Gymnastics: Abandoned by the FBI – Sports


Even now she was sitting in court with the others. Seven weeks ago, Simon Biles was doing gymnastics at the Olympic Games in Tokyo, winning bronze on the balance beam, and it was a tough comeback. The 24-year-old was psychologically stressed, but Biles wanted to do gymnastics again, she was afraid of losing her voice in the process that has been with her for years. They call themselves “survivors” who were systematically abused by Larry Nassar, the former doctor of the US association. “I thought that if none of the survivors are still in the sport, they will just brush it aside,” Biles once told NBC about her decision to compete again at the Olympics. After all, pushing aside had a system, at the Gymnastics Federation (USAG), the Olympic and Paralympic Federation (USOPC) – and even the FBI.

One of her heaviest appearances: Simone Biles, McKayla Maroney, Aly Raisman and Maggie Nichols (from left) at the hearing in Washington.

(Photo: Saul Loeb / AP)

At a hearing in Washington on Wednesday, they supported each other, shook hands again before testifying before the Senate: Biles, the four-time Olympic champion, and McKaley Maroney, Aly Raisman and Maggie Nichols, they all have for the U.S. team exercised and carried away beneath Nassar’s wounds. The now 58-year-old was sentenced to 60 years imprisonment in July 2017 for possession of child pornography, and then to another 40 to 175 years in the abuse trial in January 2018. The process of coming to terms with a culture of pushing aside that does not suddenly change just because a perpetrator is in prison is still in progress.

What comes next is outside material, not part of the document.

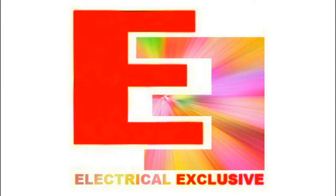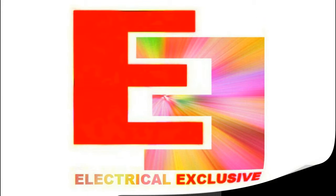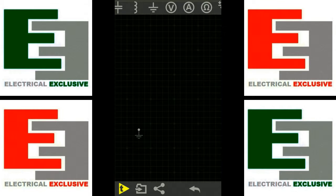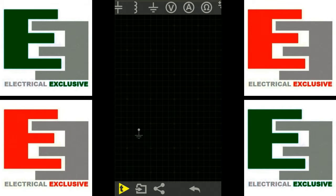Hello everyone and welcome to Electrical Exclusive. In this class we shall look at the various basic switches that are available in every circuit application. A switch is a mechanical device which allows, blocks, or redirects the flow of current in a circuit.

If the FBI doesn’t help, who should you turn to?

“We have been abandoned and we deserve answers,” said Biles on Wednesday: “We have suffered and are still suffering because no one in the FBI, the USAG or the USOPC did what it took to protect us . ” And above all, the question was: Who else can you turn to if the FBI doesn’t help?

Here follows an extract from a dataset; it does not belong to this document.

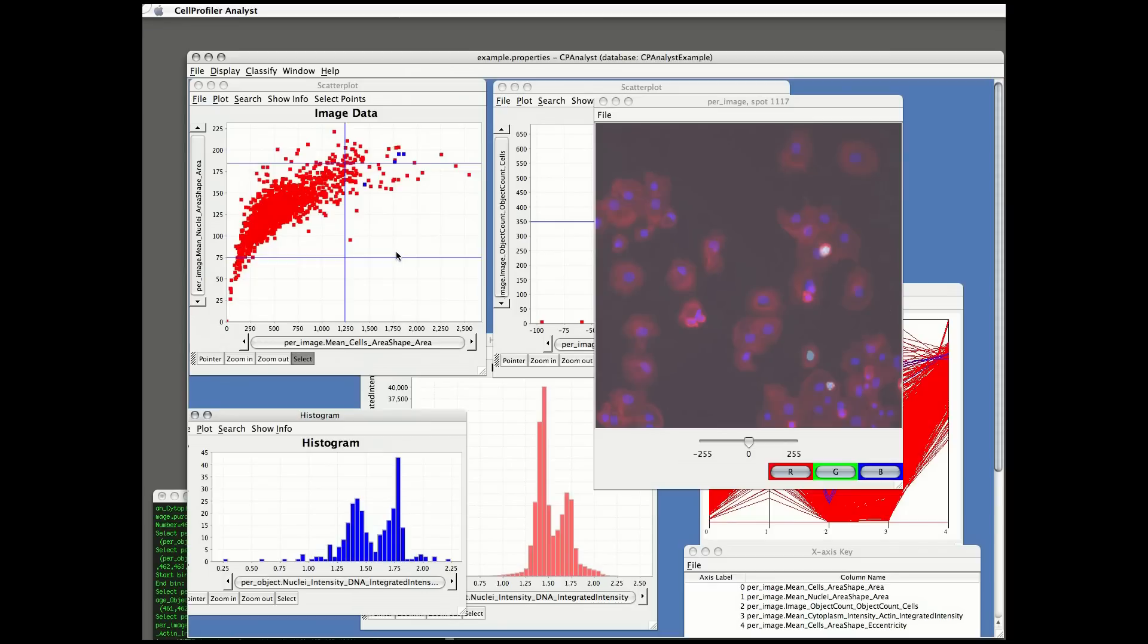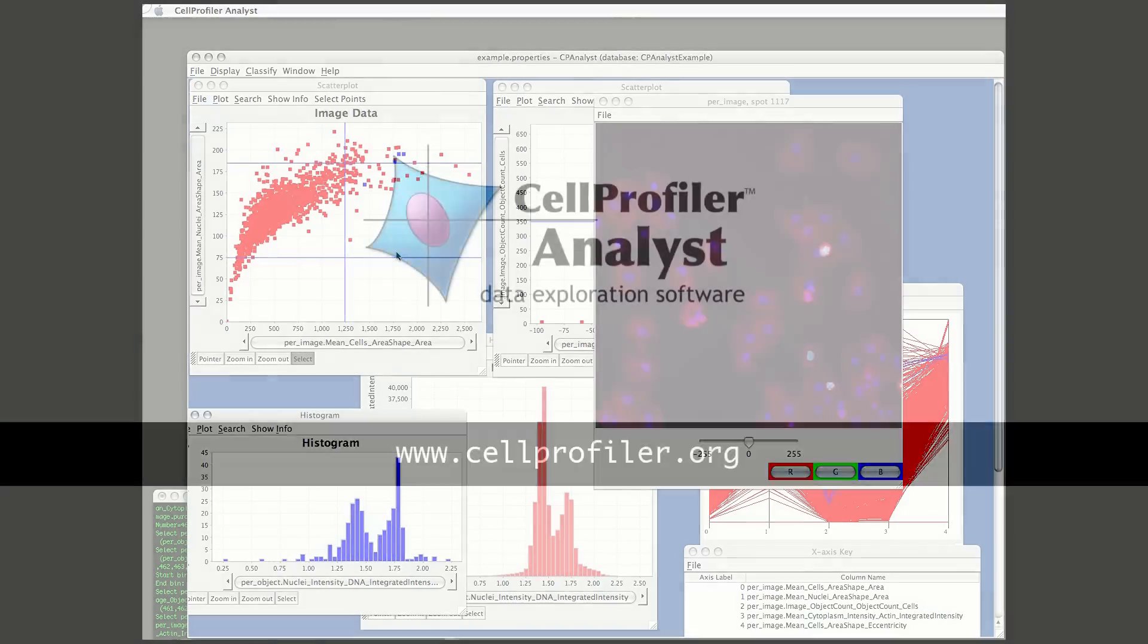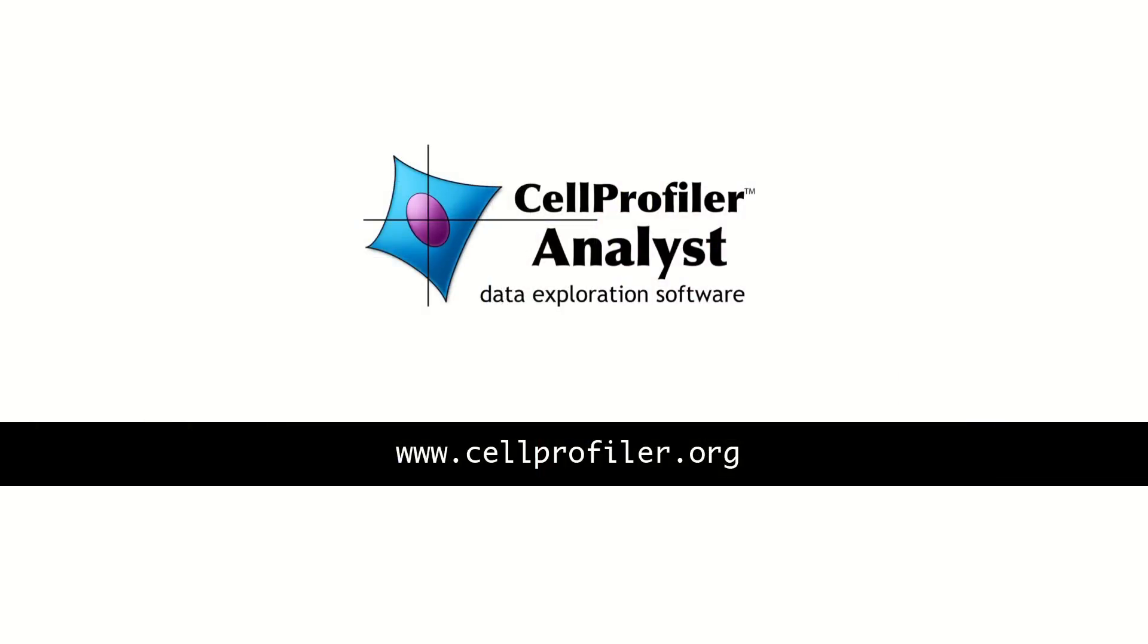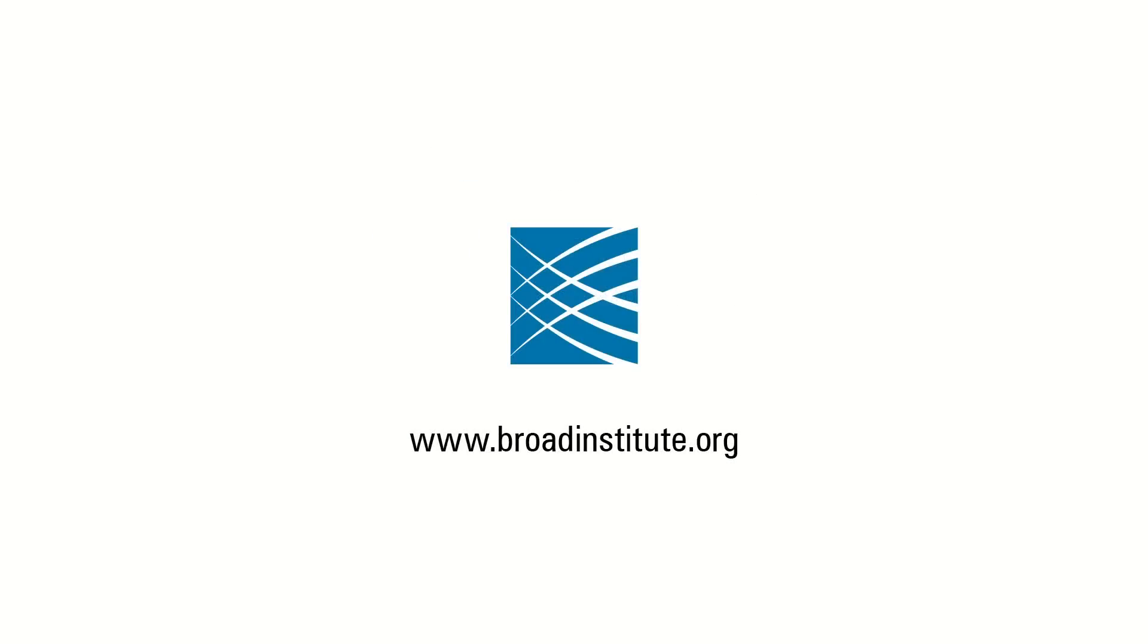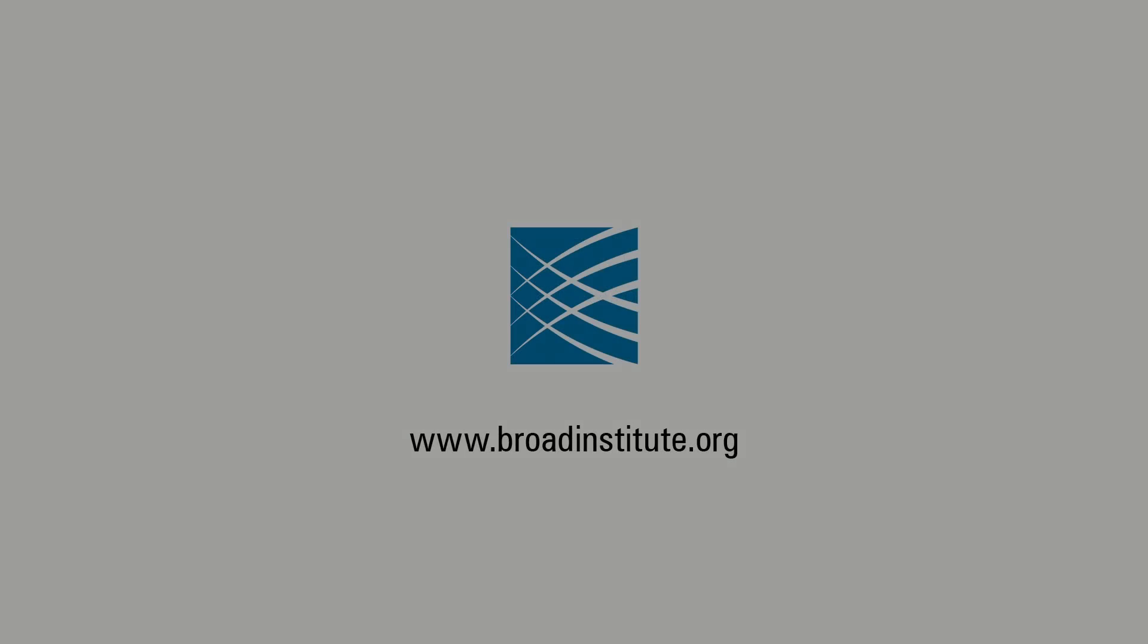This concludes the basics of exploring data in CellProfiler Analyst. Thank you.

Gymnastics Abuse: Larry Nassar at the 2018 verdict when a court sentenced him to 40 to 175 years in prison for sexual abuse.

Larry Nassar at the 2018 verdict when a court sentenced him to 40 to 175 years in prison for sexual abuse.

(Photo: Rena Laverty / AFP)

On 109 pages, Michael Horowitz, Inspector General of the US Department of Justice, described in a report in July which failures the FBI had piled up in the investigation of the allegations against Nassar and how the delay made a multitude of other abuses possible. 17 months passed between July 2015, when the first incidents were reported to the FBI, and December 2016, when Nassar was arrested. 17 months in which at least 70 athletes were abused again or for the first time by him, as evidenced by documents from a civil court. A shocking circumstance that continues to burden the athletes themselves to this day. “I am haunted by the fact that even after reporting my abuse, so many women and girls have suffered at the hands of Larry Nassar,” said Maggie Nichols on Wednesday. “USA Gymnastics and USOPC have me and all of them were abused by Larry Nassar, betrayed. “

The gymnast described specific abuse – the employee asked: “Is that all?”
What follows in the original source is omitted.